Als ich zum Eingangsbereich des The Modern gelange, staune ich nicht schlecht. Anstatt eines stillen, formalen Speisesaals, den ich komischerweise hier erwartete, empfängt mich eine quirlige Atmosphäre mit weit über zweihundert Essern. Ich stelle fest, dass das Restaurant in drei ineinander übergehende Bereiche aufgeteilt ist: zum einen ein Sitzbereich am langen Bartresen, dann, mit den meisten Tischen, ein kantinenähnlicher Bereich – sowie einem tatsächlich ebenfalls vorhandenen fine-dining-Saal mit weißen Tischtüchern und Blick auf den Skulpturgarten. Das Sympathischste an allem: die Speisekarte ist überall identisch.

Nach etwas Wartezeit, die ich mir mit einem Glas Viognier(Domaine Gramenon „La vie on y est“, 2012, $ 23/€ 18) versüße, ergattere ich schließlich einen Platz am Tresen (hatte ich ohnehin bevorzugt). Die Speisekarte ist ein Sammelsurium süffig klingender Gerichte, die ich sofort einem für mich typischen „gehobenen Amerikanischen“ Stil zuordne: diese gefällige Mischung aus französischer Küche mit Einflüssen aus Italien und Spanien und einer schwer zu erklärenden Leichtigkeit, bei der immer die Aussage „wir wissen genau, was gut schmeckt“ mitschwingt.
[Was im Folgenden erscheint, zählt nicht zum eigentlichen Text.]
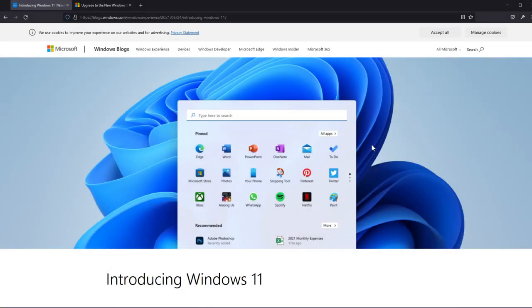Hi guys and welcome to TechBased. In this video I'm going to show you how to check if your PC is compatible with the new Windows 11.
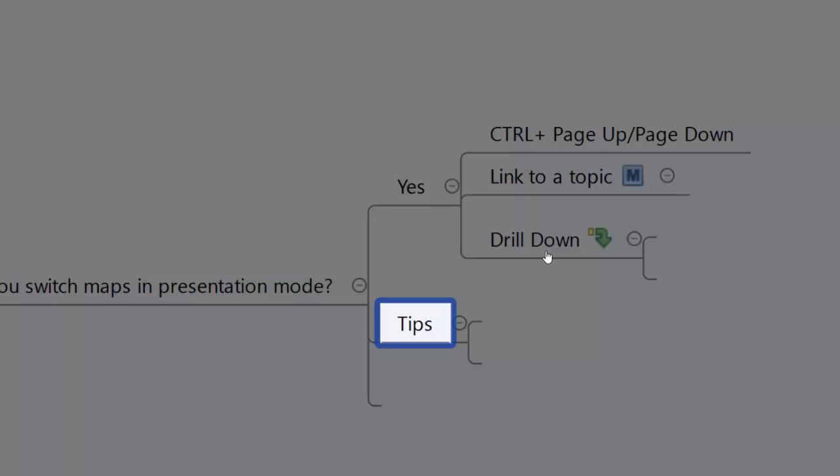So there you go, three quick ways to change pages, or two ways to change pages, and one way to drill down on the existing page. And hopefully that will help you in your presentation mode. Hey guys, that's it for now. If you enjoyed the video, please go ahead and hit the like button or leave me a comment down below. I appreciate your time and we will talk soon. See ya.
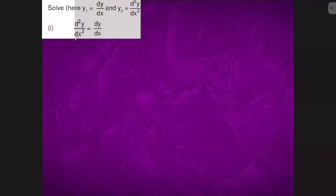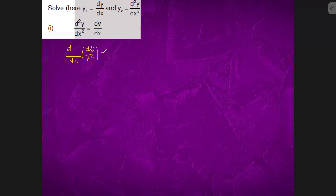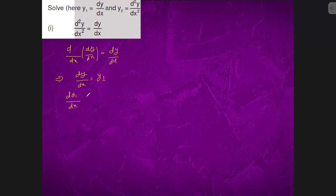We have D of X, and inside we have a DX. We simply know that if we take DY over DX equals to Y1, this is what DY1 upon DX equals to Y1. So we have DY1 upon Y1 equals to DX.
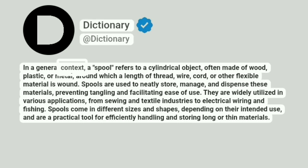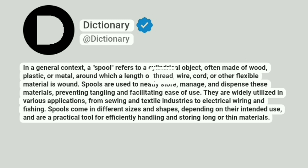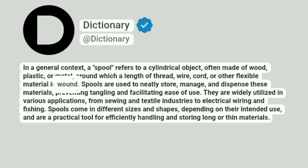In a general context, a spool refers to a cylindrical object, often made of wood, plastic, or metal, around which a length of thread, wire, cord, or other flexible material is wound.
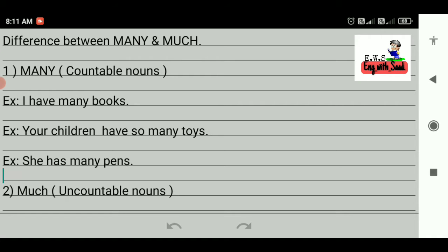For example, I have many books. You can count one, two, three books. Your children have so many toys. Toys can count. She has many pens. The pen is countable. We can count all these things.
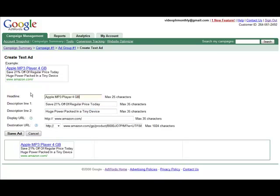Once we did that we could compare the two and see which one is getting more clicks. The one that's getting more clicks we keep, the one that is getting less clicks we delete, and then we create another second ad and we compare them after a couple days as well.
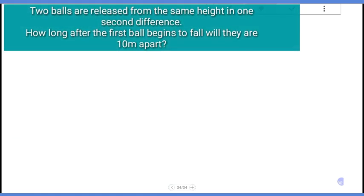Two bolts are released from the same height with a one second difference. How long after the first bolt begins to fall will they be 10 meters apart?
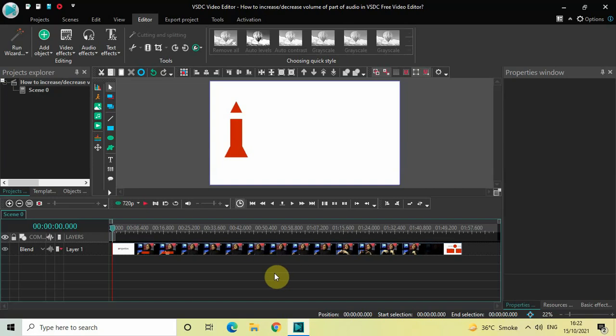Hey guys, welcome back to Next-Gen Blog. In this video I want to show you how you can increase or decrease the volume of part of audio in VSDC Free Video Editor. In my previous tutorial I showed you how you can mute the volume of part of audio, and in this tutorial I will show you how you can increase or decrease volume of part of audio in VSDC. So without further delay, let's get started.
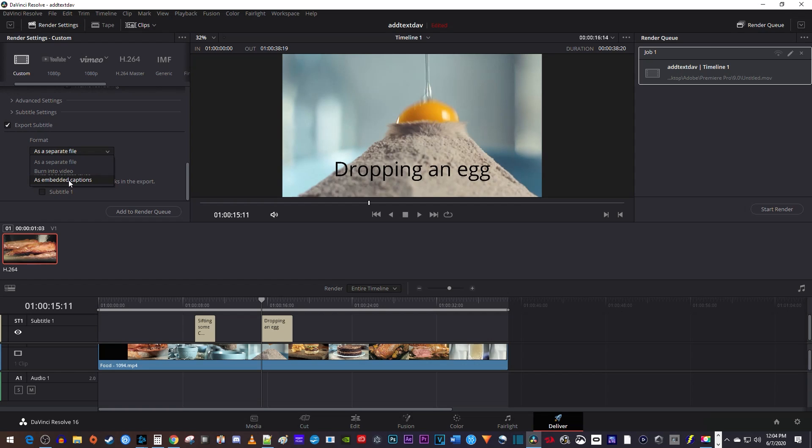Finally, you can include the subtitle track files in the export if you'd like. Once you're finished, just export your video like usual by adding it to the render queue and then starting the render.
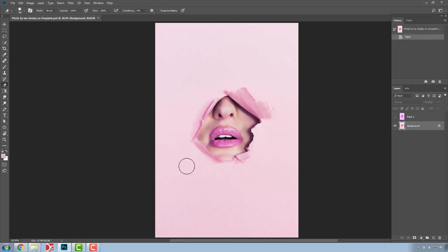Let's say we want to change the lipstick color in this picture. We have two photos, the original one, and the recolored one.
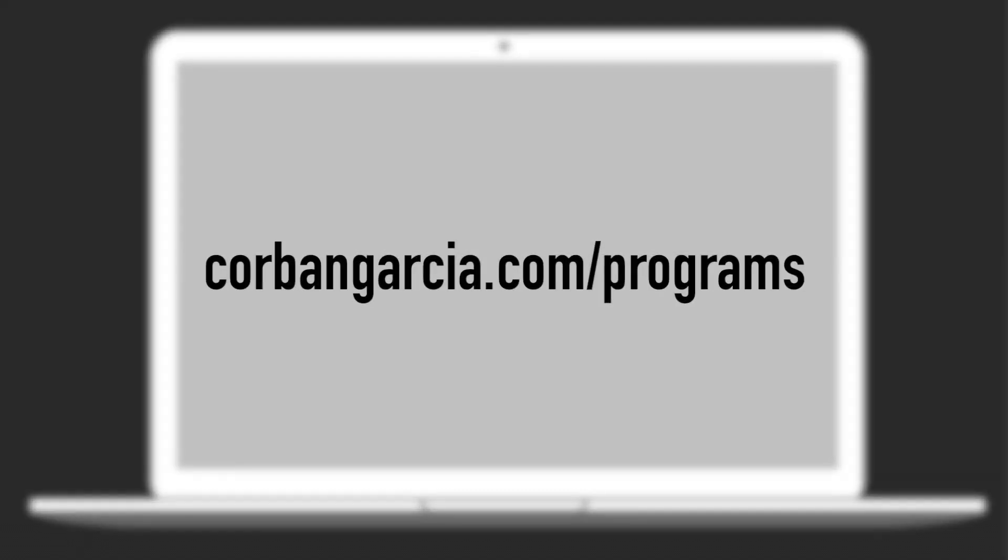Thanks for watching. Check out my previous 4 Tips for Podcasters video and subscribe to all my podcasts at CorbanGarcia.com/programs. You'll hear my voice next week on Friday. Thanks.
Meistens haben sie Recht.

Ich habe leider nicht allzu viel Zeit und bestelle daher zwei Gänge. Als erstes ein pochiertes Ei im Glas mit Hummer aus Maine, Holzraslingen und Seeigelschaum (Slow-Poached Farm Egg In a Jar, $ 25/€ 19). Einwandfreie Produkte in einem stimmigen, sämig-herzhaften Ensemble. Sehr gut! Ohne Frage muss man an solch ein schmackhaftes Gericht einen Stern anheften. Ich löffle das Glas restlos aus und gönne mir noch ein Glas aus der hervorragenden Weinkarte, diesmal einen HdV Hyde Vineyard Chardonnay 2009 ($ 29/€ 22), ganz gleich, ob ein Roter zu meinem nächsten Gang objektiv besser gepasst hätte.

Ich genieße die Atmosphäre. Der Platz am Tresen ist wunderbar: vor mir Brot, Butter, Speisen, Wein und freundliche Kellner, hinter mir die lebhafte Stimmung. Es kommt ein bisschen Atelier-Charakter auf.

Es geht weiter mit Double Lamb Chop ($ 35/€ 27). Zu zwei makellos gegrillten, saftigen Lammkoteletts von vorzüglicher Qualität gibt es Radicchio, Kichererbsen-Croquette und einen Koriander-Basilikum-Jus. Das Gericht hat eine dezente orientalische Note und gefällt mir ausnahmslos – wie könnte es auch nicht, wenn ein so tolles Produkt im Mittelpunkt steht? Die Knochen putze ich blitzblank, selbstverständlich unter Zuhilfenahme meiner Hände. Alles andere wäre Frevel.

Das war’s dann auch schon! Doch das kurze Mahl hatte es in sich und zeigt erneut, was passiert, wenn man hervorragende Produkte mit Leidenschaft, Lockerheit und einem weltgewandten Publikum verbindet. Und beim nächsten Ma(h)l verschmähe ich weder Magritte noch Dessert, versprochen.

Informationen zu diesem Besuch
Restaurant: The Modern (→ Website)
Chef de Cuisine: Gabriel Kreuther
Ort: New York City, USA
Datum dieses Besuchs: 14.10.2013
Guide Michelin (NYC 2014): *
Meine Bewertung dieses Essens 7 (Was bedeutet das?)